In his last chapter Kavanagh regards the Christian as an abnormally normal person, the person who is living a changed and restored life, a life renewed and put the way God wants it to be lived, coterminously the proper life and the life that most in the world do not want the Christian to life. Chastity is normal, but it is far from common. The grace to do this descends from the Father, through the Son, and in the Holy Spirit—and by the liturgy.
The only criticism I can levy against this book is that On Liturgical Theology is almost entirely theoretical, laying down principles of how the Church does its primary theology through the liturgy and experiences God's Presence. This is inevitably the result of the initial lecture format of the chapters. One could see each chapter lasting about one hour and plus time for questions. Yet some of concepts, particularly on the ubiquity of the bishop and his relationship to the liturgy, could have been fleshed out in the historical record. One thinks, pertinently, of the ancient practice of the Pope celebrating the full Divine Office and Mass at a different parish church in Rome every single day of Lent.
"Like poetry and art," Kavanagh concludes, "liturgy provides us a means of knowing the kind of thing that can only be known transrationally; that cannot be analyzed, taken apart, spelled out and reassembled." The liturgy is what the Church does, what makes the Church orthodox, what gives it its place in the City of Man and the City of God. The liturgy is the Church's "service and mission of the life of the world."
On Liturgical Theology can be summarized in one line sung during Orthros (Mattins) in the Byzantine rite: "The Lord is God and has appeared to us, blessed is He Who comes in the name of the world." The Lord, the Jewish substitute for the fearsome named of Yahweh, denotes an actual person. That person is God, not a god, but God Who created heaven and earth and Who loves both. And He has come to us and "dwelt among us and we beheld His glory.... full of grace and truth."
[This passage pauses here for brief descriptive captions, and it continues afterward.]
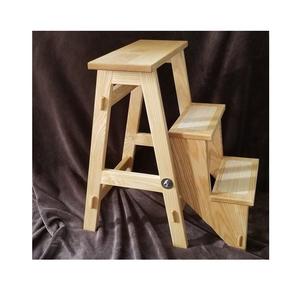 Tabouret d'escalier en bois naturel avec finition lisse, parfait pour les cuisines de style campagnard, les salles de bain, les chambres à coucher et l'usage domestique quotidien - Product Image 1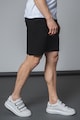 Karl Lagerfeld Pamuttartalmú rövidnadrág logós részlettel férfi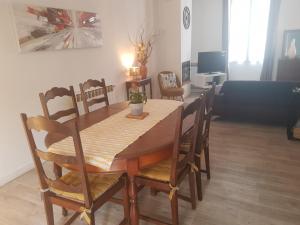 een eettafel en stoelen in de woonkamer bij LA SALAMANDRE in Bordeaux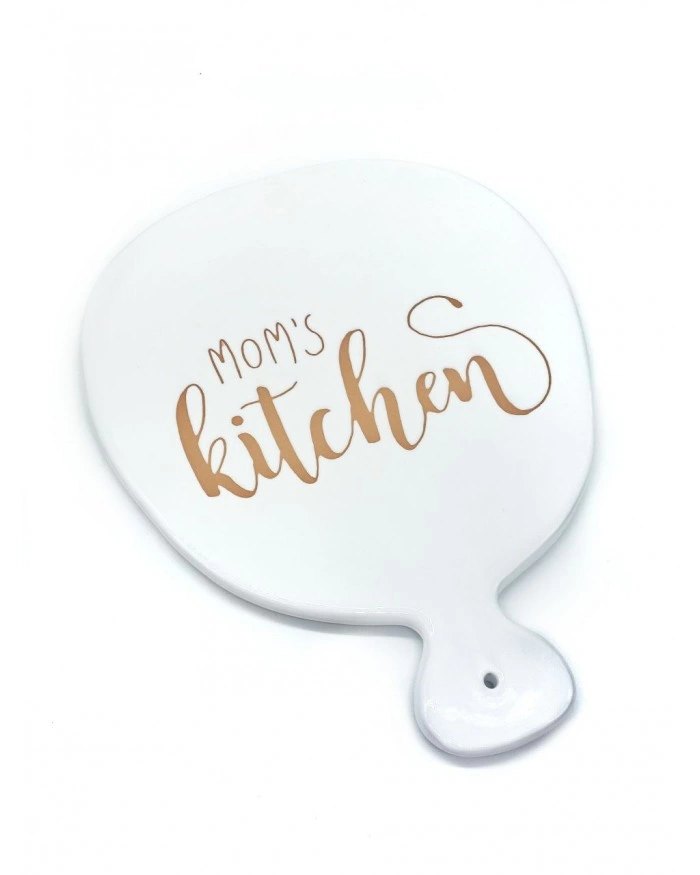 Tagliere Bianco Incisione "Mom's kitchen" scritta doppia H. 25 cm in Ceramica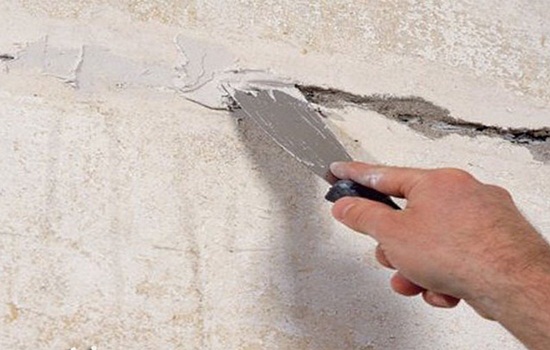Как наносить шпаклевку на стену – особенности процесса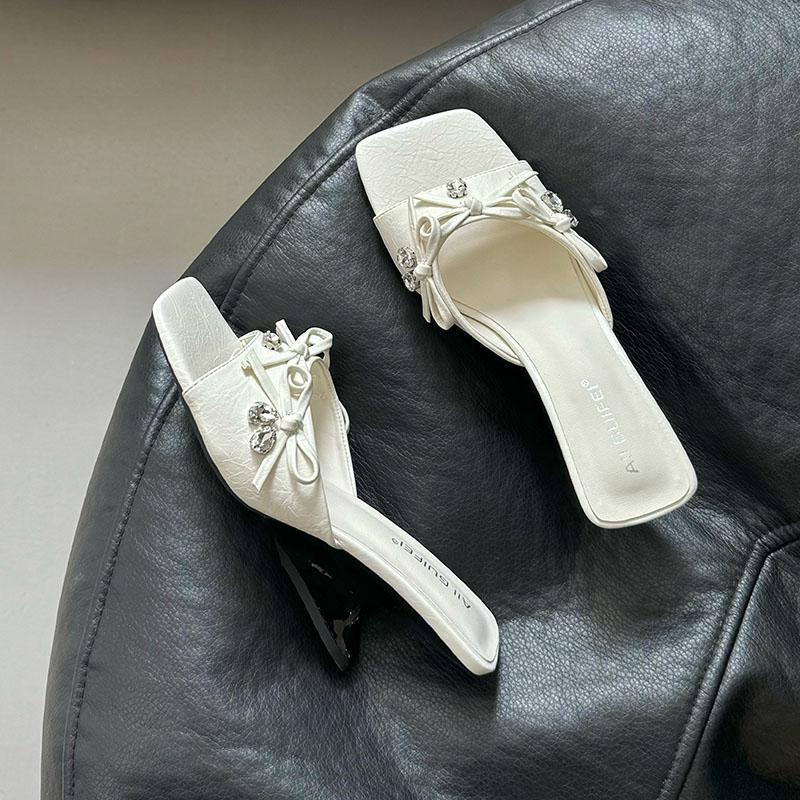 

Fashion New In 2025 Fashion Rhinestones Women Wedges Slippers Female Slides Butterfly-Knot Ladies Wedges Slippers Sandals Shoes Pumps 35 бежевый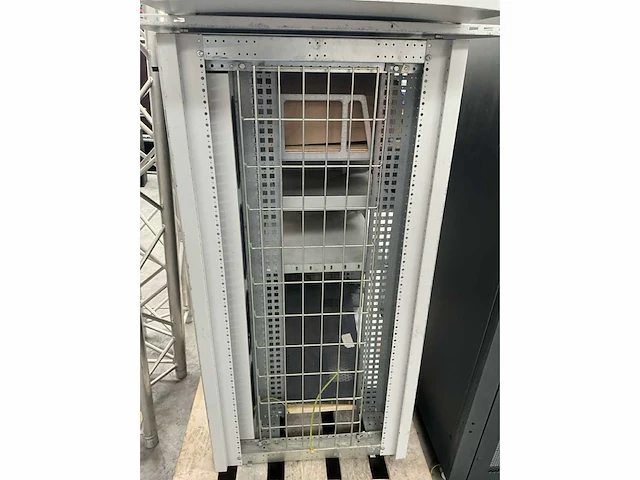 Serverkast - afbeelding 2 van  3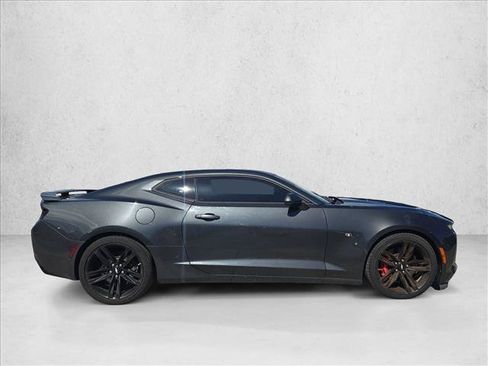 Used 2016 Chevrolet Camaro SS RWD image 4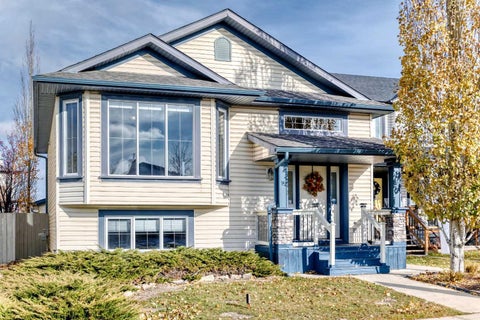 Photo of 201 Stonegate Drive NW, Airdrie, AB T4B 3A2 (MLS # A2354953)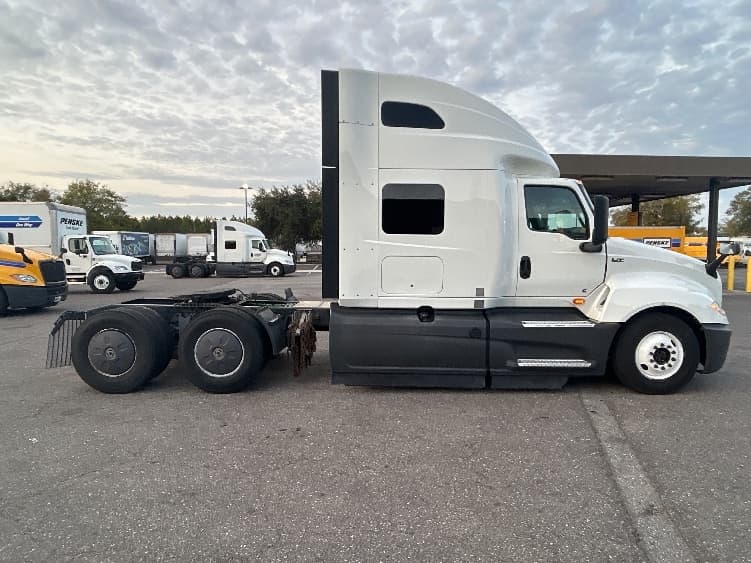 2023 International LT — photo 8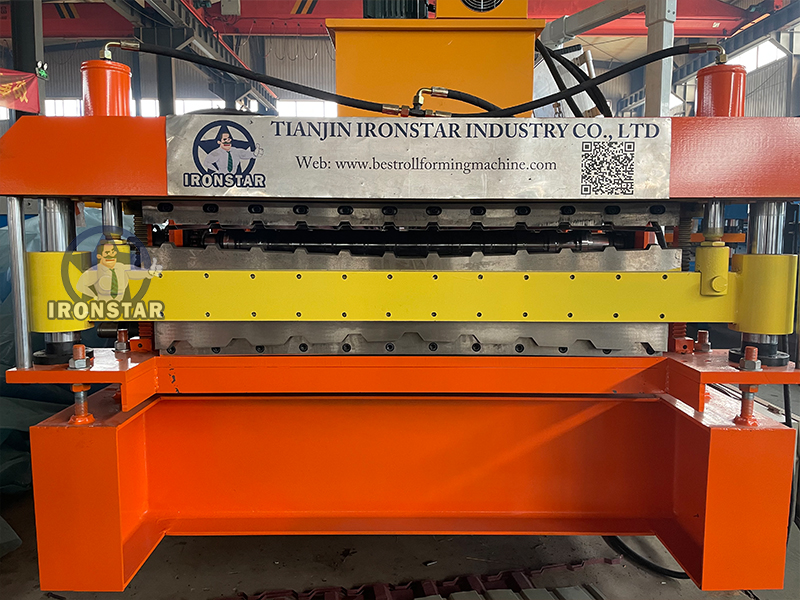 T10 and T18 double layer roll forming machine in Kyrgyzstan | C10 and C18 double deck machine 5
The truths of the faith are in the Liturgy precisely because they are true and so the Church, from its earliest days, has seen fit to make them present in prayer, to relive these truths in the Presence of God. "Truths" seem to be the essentials of the faith (what Christ did, what He commanded etc) and not doctrines, which, while important, are formulaic and academic expressions of the faith already held. Doctrines become necessary one could say when people do not understand something clearly enough in the Liturgy (although I think it unlikely) or when a controversy brews and needs to be resolved by some authoritative means.